_Exercise instructions:_
Lines from the one holding "Amazon Basics Pencil" through the end of the entries, inclusive, form the whole output; reproduce them exactly and omit pictures.

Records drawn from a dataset
▽
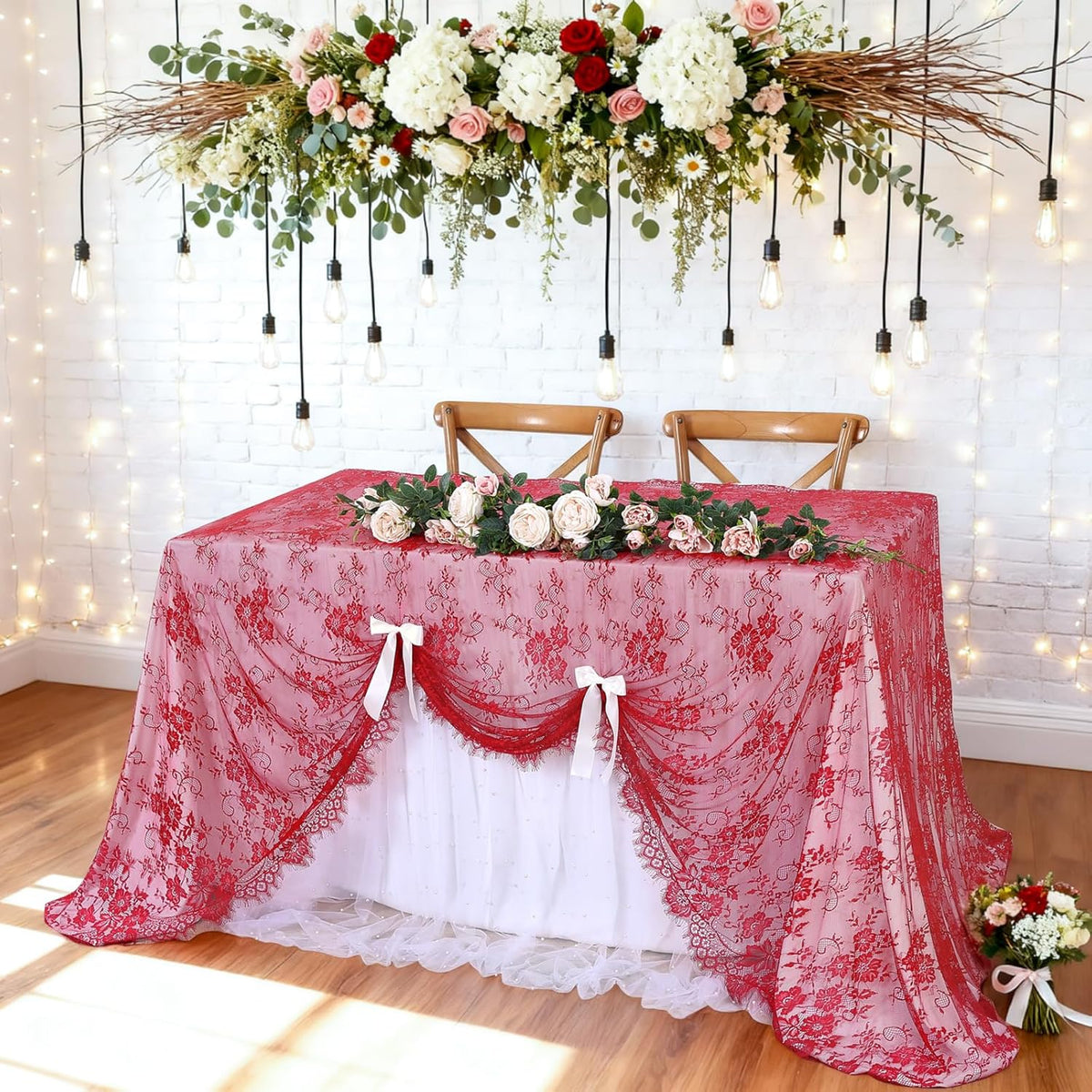 LuoluoHouse Red Tablecloth Christmas Lace Table Fabric 2pcs 60x120 Inch for Birthday Rustic Wedding
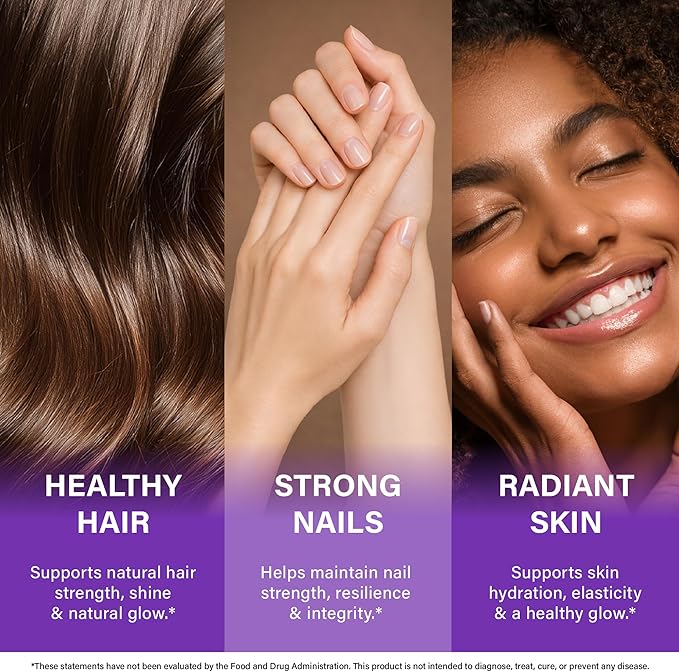 Biotin | Collagen | Hyaluronic Acid | Keratin - Clinically Tested Supplement - Hair Growth Support, Skin & Nails - 25000 mcg Vitamins B2, B3, B6 & B7 + B1 - Made in USA - Women & Men | 180 Capsules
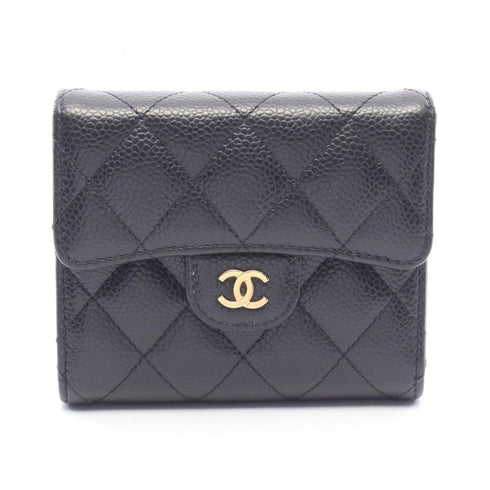 CC Compact Classic Flap Wallet Quilted Caviar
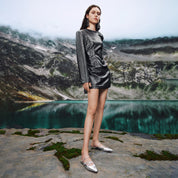 Slivery Cross Strappy Mule Flats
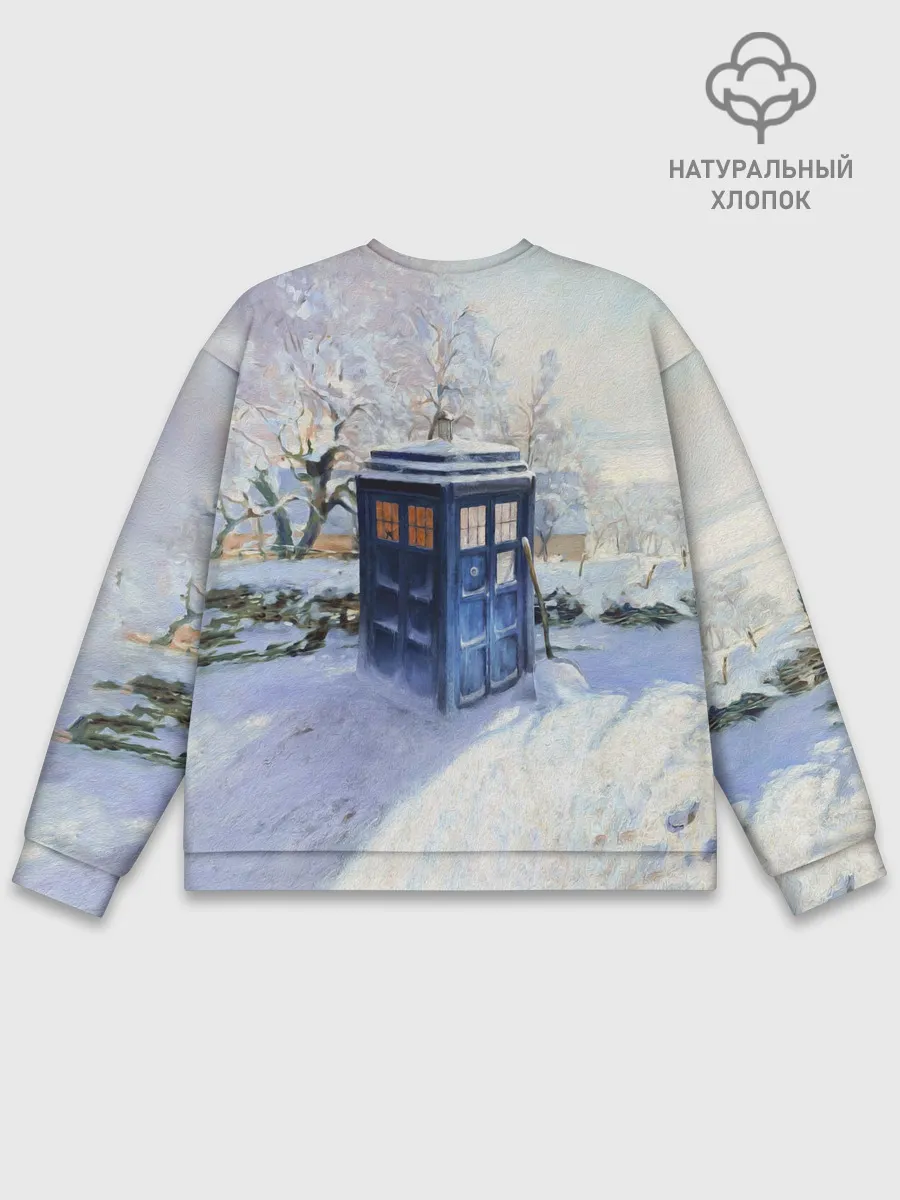 Мужской свитшот базовый / ТАРДИС В СНЕГУ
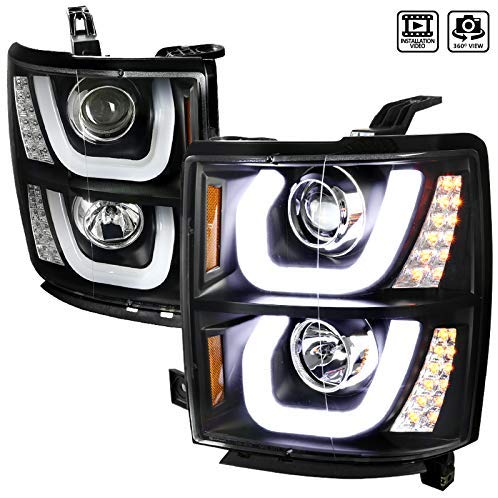 Velocity Concepts for Chevy Silverado 1500 Pickup Black Dual Halo LED Signal Projector Headlights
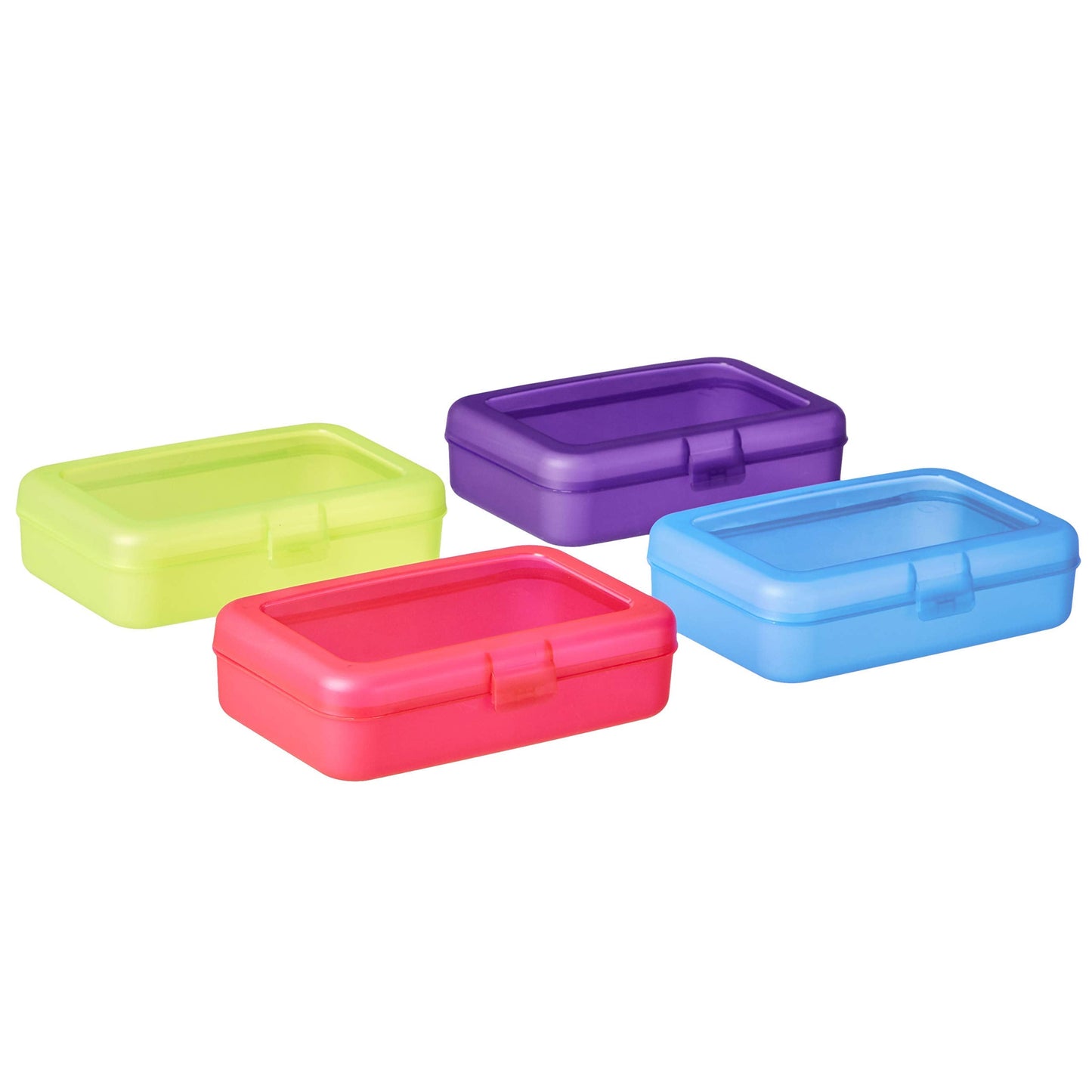 Amazon Basics Pencil Box, Pack of 4, Multi-Color, Solid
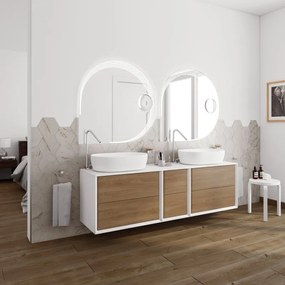 Mobile sottolavabo e lavabo Bellagio bianco/rovere tabacco L 176 x H 51 x P 46 cm 2 cassetti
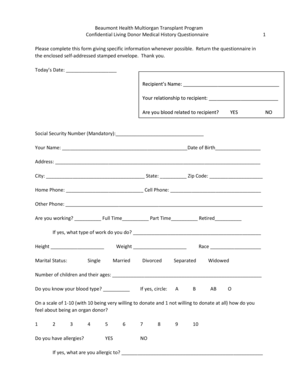 Beaumont Health Living Donor Medical History Questionnaire
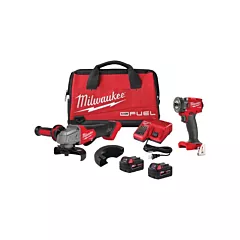 Milwaukee M18 Fuel™ Compact Impact Wrench & Grinder Kit, 18 V, Lithium-Ion (2991-22)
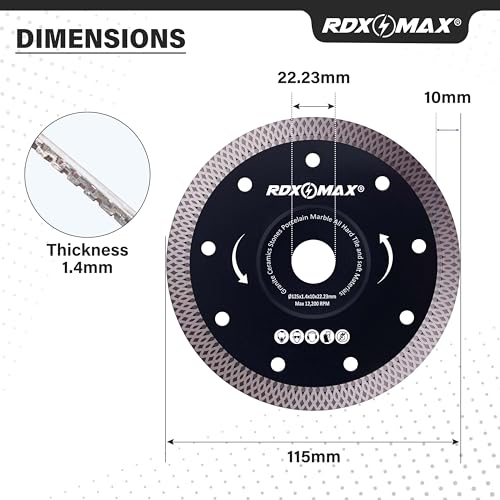 RDXMAX ® 125mm Diamond Cutting Discs for Angle Grinder, Super Thin Fast, Clean Cut on Porcelain, Granite, Marble, Concrete - Image 4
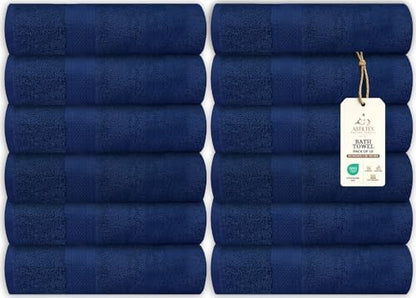Bath Towels Bulk Set of 12 – 24" x 50" – 100% Cotton Terry, Soft, Quick-Dry & Highly Absorbent – Navy Blue Towels for Bathroom, Spa, Gym, Hotel, Pool & Everyday Use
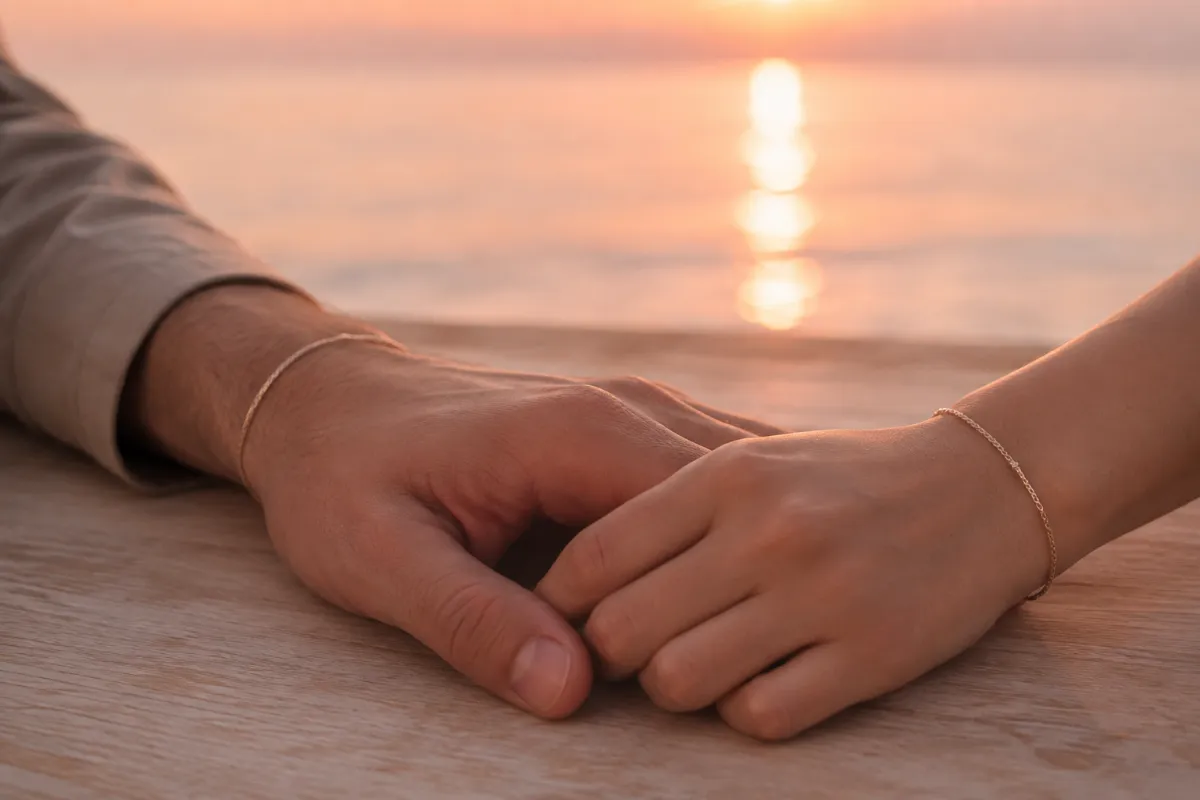 Deux mains posées côte à côte portant des bracelets assortis, au coucher du soleil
△
_Answer for this exercise:_
 Amazon Basics Pencil Box, Pack of 4, Multi-Color, Solid
 Mobile sottolavabo e lavabo Bellagio bianco/rovere tabacco L 176 x H 51 x P 46 cm 2 cassetti
 Beaumont Health Living Donor Medical History Questionnaire
 Milwaukee M18 Fuel™ Compact Impact Wrench & Grinder Kit, 18 V, Lithium-Ion (2991-22)
 RDXMAX ® 125mm Diamond Cutting Discs for Angle Grinder, Super Thin Fast, Clean Cut on Porcelain, Granite, Marble, Concrete - Image 4
Bath Towels Bulk Set of 12 – 24" x 50" – 100% Cotton Terry, Soft, Quick-Dry & Highly Absorbent – Navy Blue Towels for Bathroom, Spa, Gym, Hotel, Pool & Everyday Use
 Deux mains posées côte à côte portant des bracelets assortis, au coucher du soleil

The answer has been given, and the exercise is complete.